Exercise goal: Leave the images out, and otherwise write out each entry exactly.

Provided information:

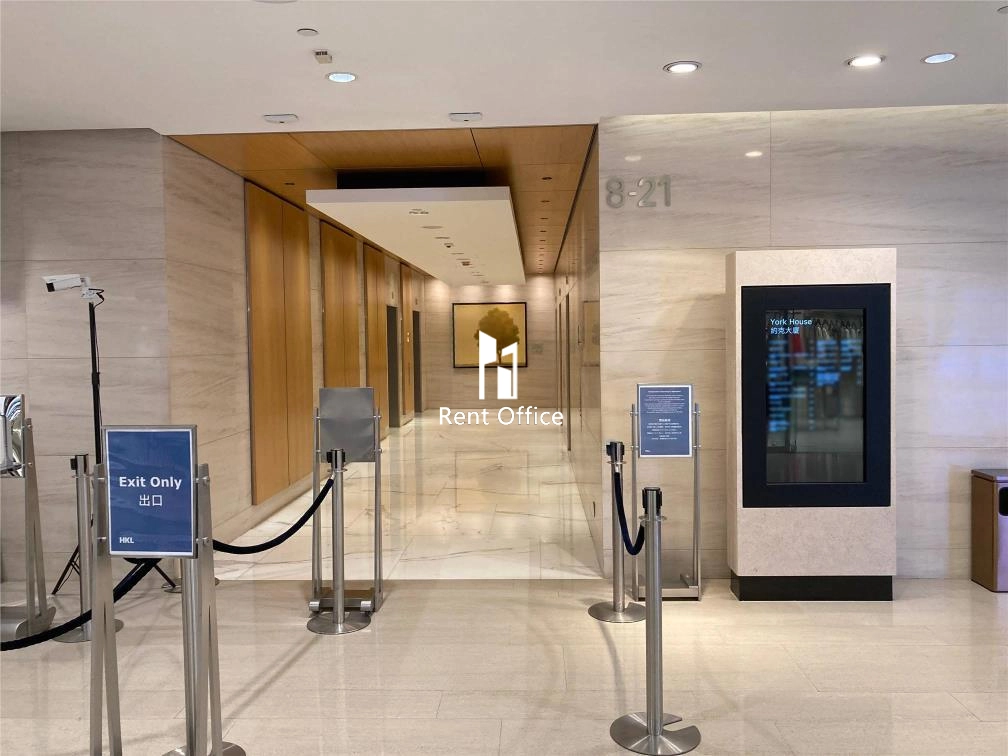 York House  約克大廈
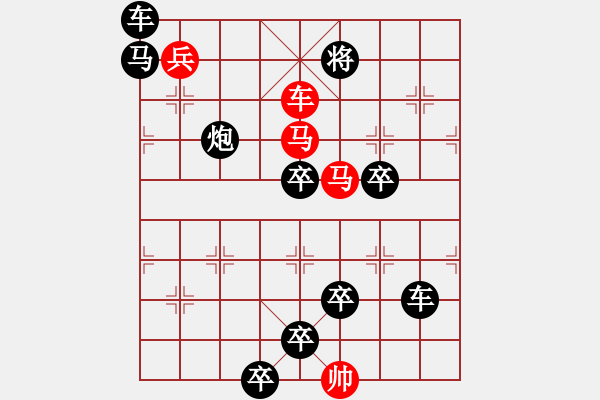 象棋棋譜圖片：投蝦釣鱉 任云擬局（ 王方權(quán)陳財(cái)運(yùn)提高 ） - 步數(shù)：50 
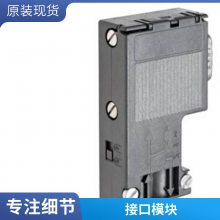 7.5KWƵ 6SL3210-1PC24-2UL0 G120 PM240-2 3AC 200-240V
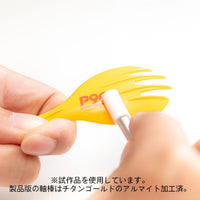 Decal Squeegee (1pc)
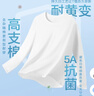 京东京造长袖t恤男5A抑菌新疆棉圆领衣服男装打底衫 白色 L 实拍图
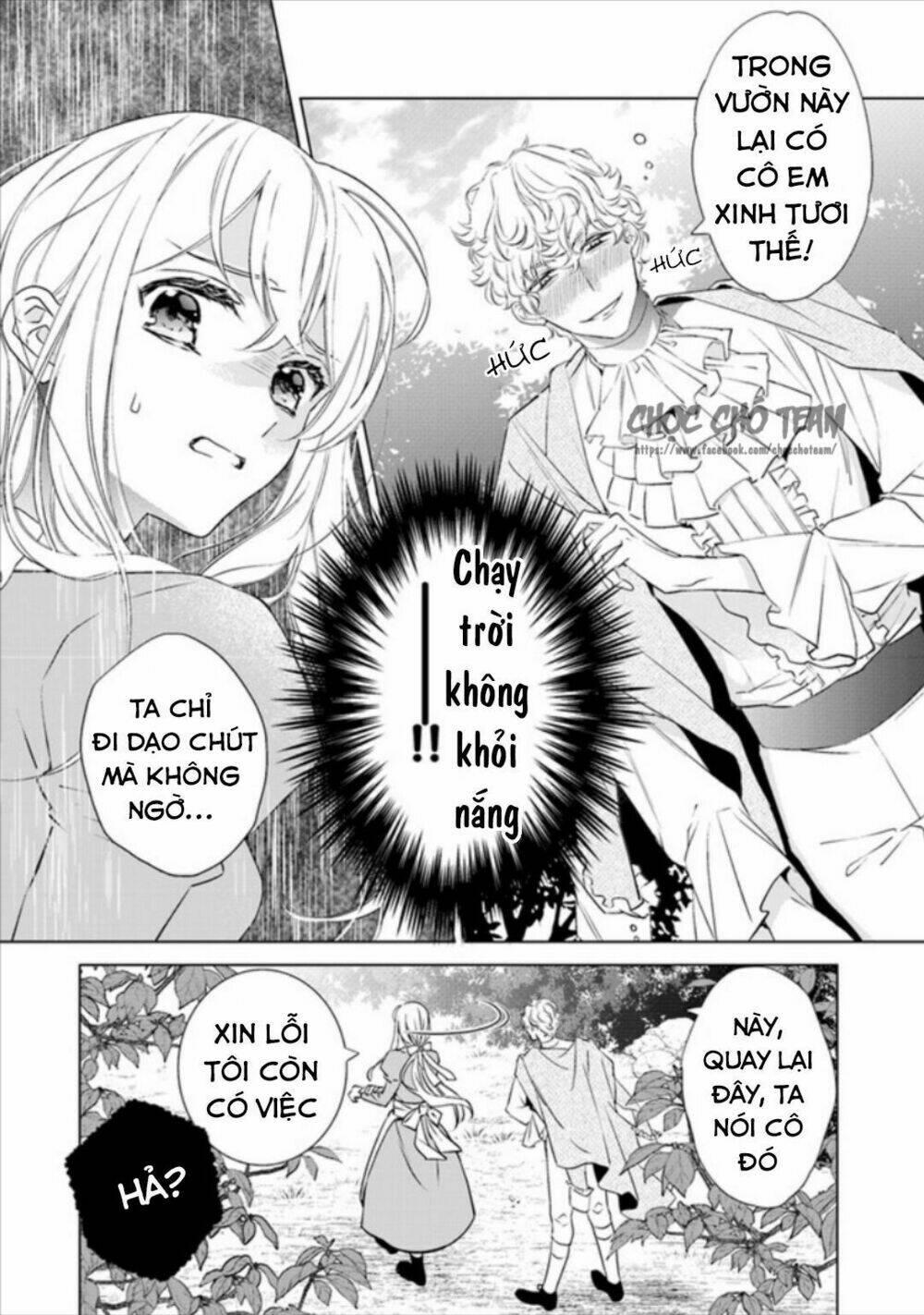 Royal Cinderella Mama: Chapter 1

Solution to this exercise:
 York House  約克大廈
 象棋棋譜圖片：投蝦釣鱉 任云擬局（ 王方權(quán)陳財(cái)運(yùn)提高 ） - 步數(shù)：50 
 7.5KWƵ 6SL3210-1PC24-2UL0 G120 PM240-2 3AC 200-240V
 Decal Squeegee (1pc)
 京东京造长袖t恤男5A抑菌新疆棉圆领衣服男装打底衫 白色 L 实拍图
 Royal Cinderella Mama: Chapter 1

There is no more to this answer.